* [What to produce]: What you give back must match the records below exactly, apart from the pictures, which are omitted.

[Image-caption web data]

--------------------------------

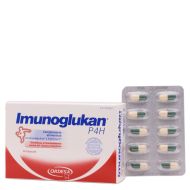 Imunoglukan P4H 30 Cápsulas Ordesa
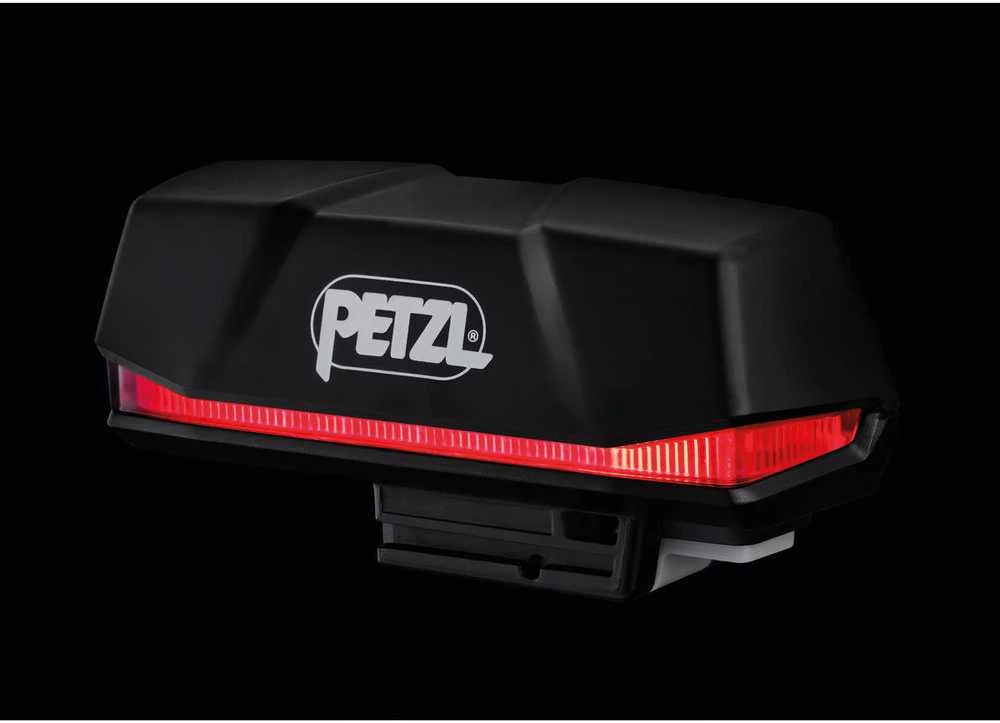 Petzl E105AA00 Nao RL Headlamp Juodas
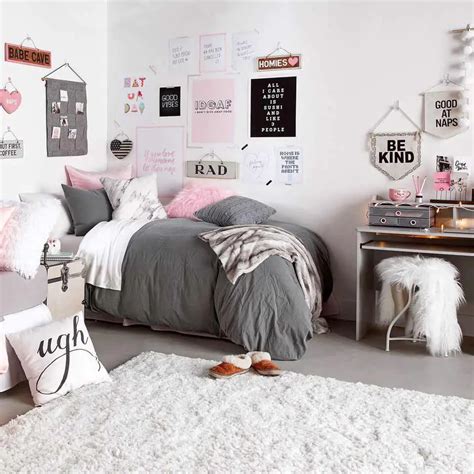 25 Ideas De Habitaciones Para Chicas Adolescentes Dormitorios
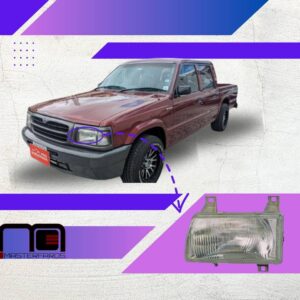 FARO DELANTERO MAZDA B2200 1997/2000 B2600 LH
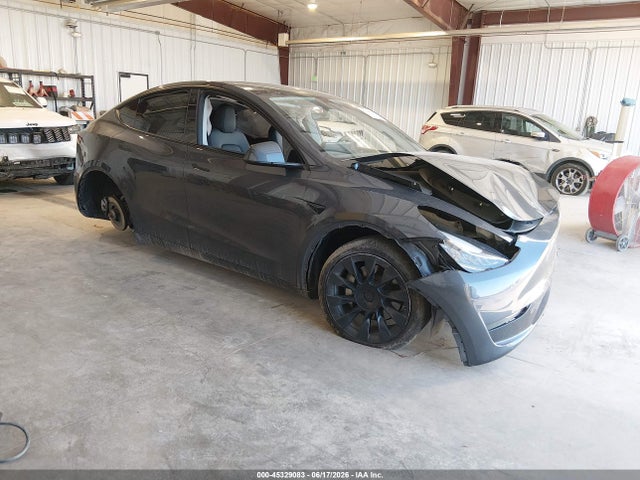 Tesla Model Y Awd/long Range Dual Motor All-wheel Drive 2023 7SAYGDEE0PA045266 zdjęcie główne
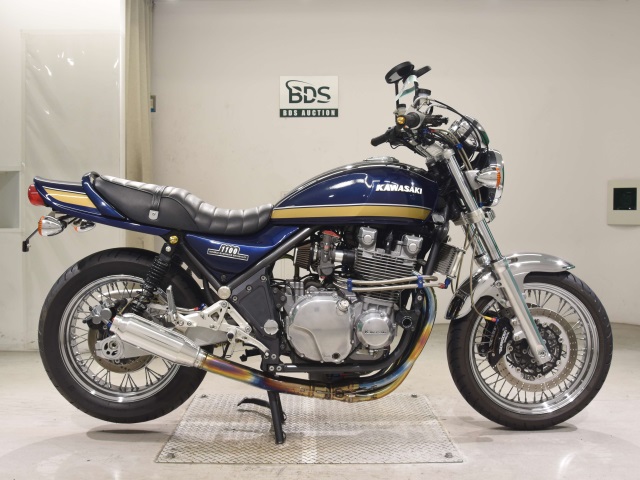Kawasaki ZEPHYR1100RS 1999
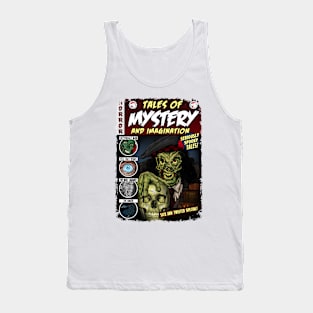 Tales of Mystery and Imagination Tank Top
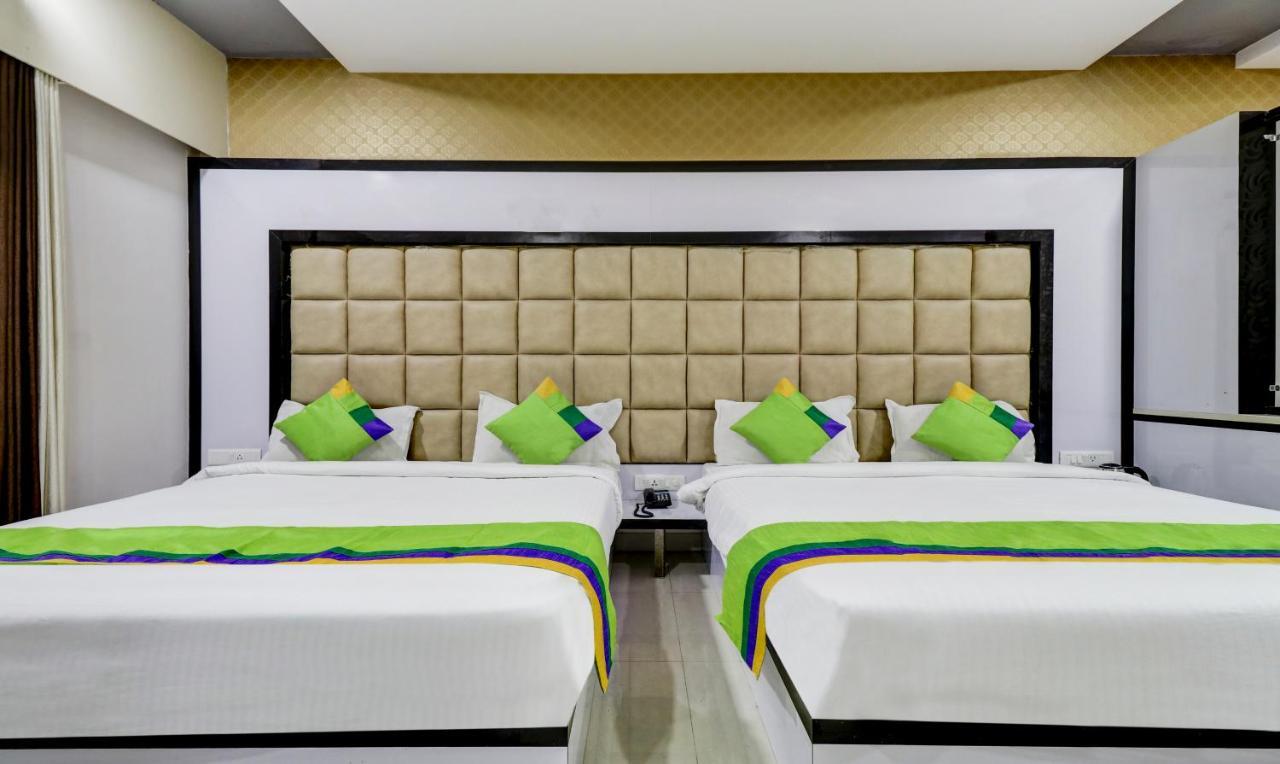 העיר בנגלור Treebo Sahara Suites 750 M From St Johns Medical College And Hospital מראה חיצוני תמונה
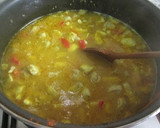 Foto del paso 3 de la receta: Arroz seco con daditos de lomo de cerdo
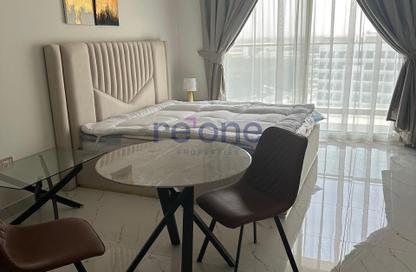 Apartment - Studio - 1 Bathroom for rent in Jewelz by Danube - Arjan - Dubai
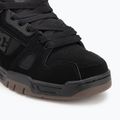 DC Stag black/gum мъжки обувки 7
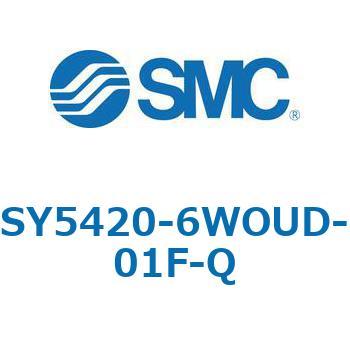 SY5_20_SU - 直接配管形バルブ/単体 SMC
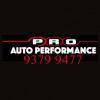 Pro Auto Performance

--------------------------------

* [Answer section]:
 Imunoglukan P4H 30 Cápsulas Ordesa
 Petzl E105AA00 Nao RL Headlamp Juodas
 25 Ideas De Habitaciones Para Chicas Adolescentes Dormitorios
 FARO DELANTERO MAZDA B2200 1997/2000 B2600 LH
 Tesla Model Y Awd/long Range Dual Motor All-wheel Drive 2023 7SAYGDEE0PA045266 zdjęcie główne
Kawasaki ZEPHYR1100RS 1999
 Tales of Mystery and Imagination Tank Top
 העיר בנגלור Treebo Sahara Suites 750 M From St Johns Medical College And Hospital מראה חיצוני תמונה
 Foto del paso 3 de la receta: Arroz seco con daditos de lomo de cerdo
 Apartment - Studio - 1 Bathroom for rent in Jewelz by Danube - Arjan - Dubai
 DC Stag black/gum мъжки обувки 7
 SY5_20_SU - 直接配管形バルブ/単体 SMC
 Pro Auto Performance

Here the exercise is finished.